Commercial enterprises have done it.
So have newspapers and television stations.
Even the Internal Revenue Service has taken it's business online.
It's only logical that church leaders are increasingly looking to the Internet to help them engage the public, create and sustain a sense of community and belonging, and even expand their respective ministries.
In the South Sound, the Church of Living Water is only one of several churches that stream their services live online. Pastor Terry Fisher said that while some viewers are local people who can't physically attend the services for health or social reasons, many are local military personnel stationed in Iraq.
The World Wide Web has proved to be a convenient way for members traveling to any part of the world with an Internet cafe to take part in services and feel close to home, he said.
"One person sent a photo of his wife, who was in an Internet cafe in Beijing," Fisher said. "She's sitting there watching our live service in China. It really helps us get out there."

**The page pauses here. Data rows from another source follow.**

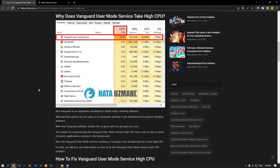Hello everyone, welcome to the Bug Expert channel. In this video, we will talk about solutions for friends who encounter Vanguard User Mode Service high CPU problem.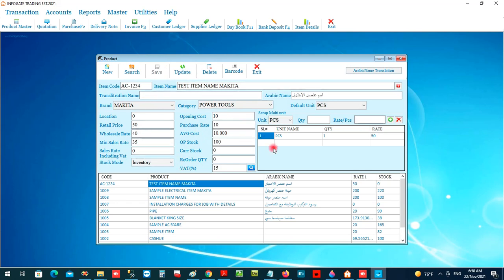Now we will move to another important section: multi-unit setup. Multi-unit means if one item comes in more than one unit — for example, pieces and boxes, meters and rolls, or grams and kilos — and the pricing differs accordingly. When you create the item, you automatically get the base unit details here.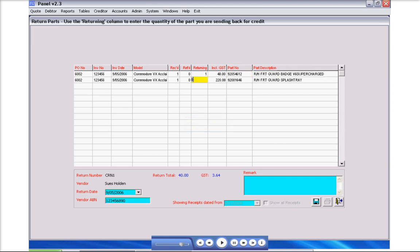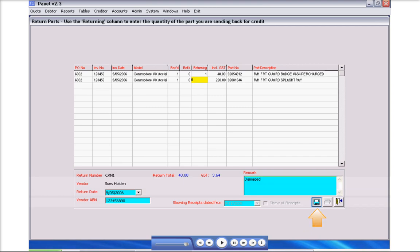Repeat on each part you wish to return. Then select the remark text box and type required wording. Then click the save icon.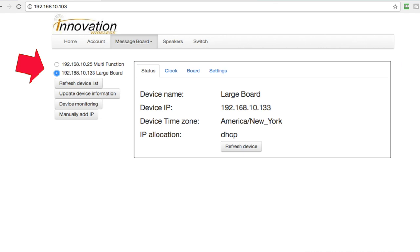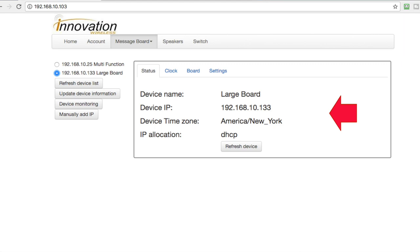Let's look at Message Boards. The device list on the left side shows the two boards I have set up for this video. The first one is a multifunction board on the left, and the other one's the large board on the right. On the right side of the screen we have Status, which shows the device name — you can name the device anything that makes sense in your organization. It also shows the IP address and the time zone. You might have a need to have different boards display different time zones for factories or offices around the world.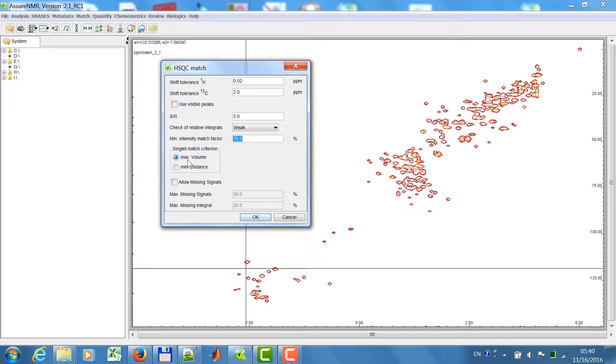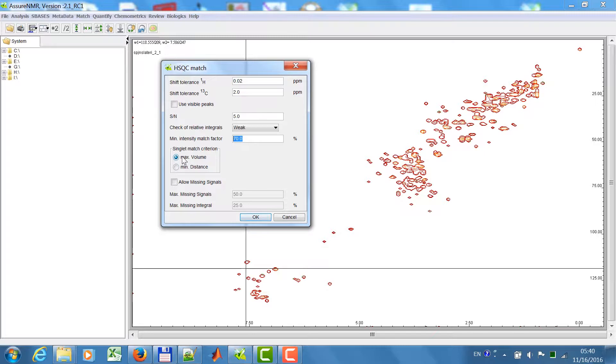Matching of singlets. There we have two options. If there is a search range and if there are several peaks, in this case I will choose the highest peak. Otherwise I can choose the next peak, the peak with the minimum distance. I don't allow missing singlets in this case.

Pastor Dale Oquist of the Evergreen Christian Community Church said that through the blog he maintains on the church's Web site, the Internet has helped him reach people in places he would never have thought he'd be able to reach as a religious leader, including those in the Czech Republic and parts of Asia.
"We want to be more interactive, and right now, that's done mainly through the blog," Oquist said. "If not everyday, I try to update it multiple times a week so people know we can converse about things. I'll just share random thoughts and they can comment on that. ... We believe that church is not a destination -- it's a conversation."
He said he recently received an e-mail from a man in Colorado who wanted to wish him a happy anniversary. "I've had people say 'I just read it everyday and I feel connected to you.' For a pastor, I can't pastor by myself to that many people. This gives me a venue and a structure that allows me to stay connected to people and help them develop their faith."
Other interactive content on Evergreen's Web site include audio messages and podcasts, and members are able to download notes and study questions for Bible study or personal meditation, he said.
The church's site does not currently stream services, but it's possible for the future, Oquist said. Because its members are continually getting younger, chatrooms, interactive prayers and even video podcasts are also being considered.
"The thing that's exciting me is that the potential seems limitless, and that's why we'll do everything we can to utilize its connection to our world," he said."
Fisher is similarly optimistic. "At some point, we expect to have the ability for members -- or congregates -- to get passwords and to exchange more information," he said. "We're just scratching the surface of what's possible."
In addition to watching the live streams, members are able to sign up for a variety of ministry and church-related activites on the Web site now and avoid the hassle of standing in lines and filling out paperwork, Fisher said.
"That's the way of society right now," he said. "People are doing more and more shopping at home. The church needs to keep step with that as a matter of convenience, but also to stay relevant."
The church has also set up an emergency network for its members in the event of a natural disaster or a terrorist attack.
"It's all intended to care for a greater number of people. It's a great tool."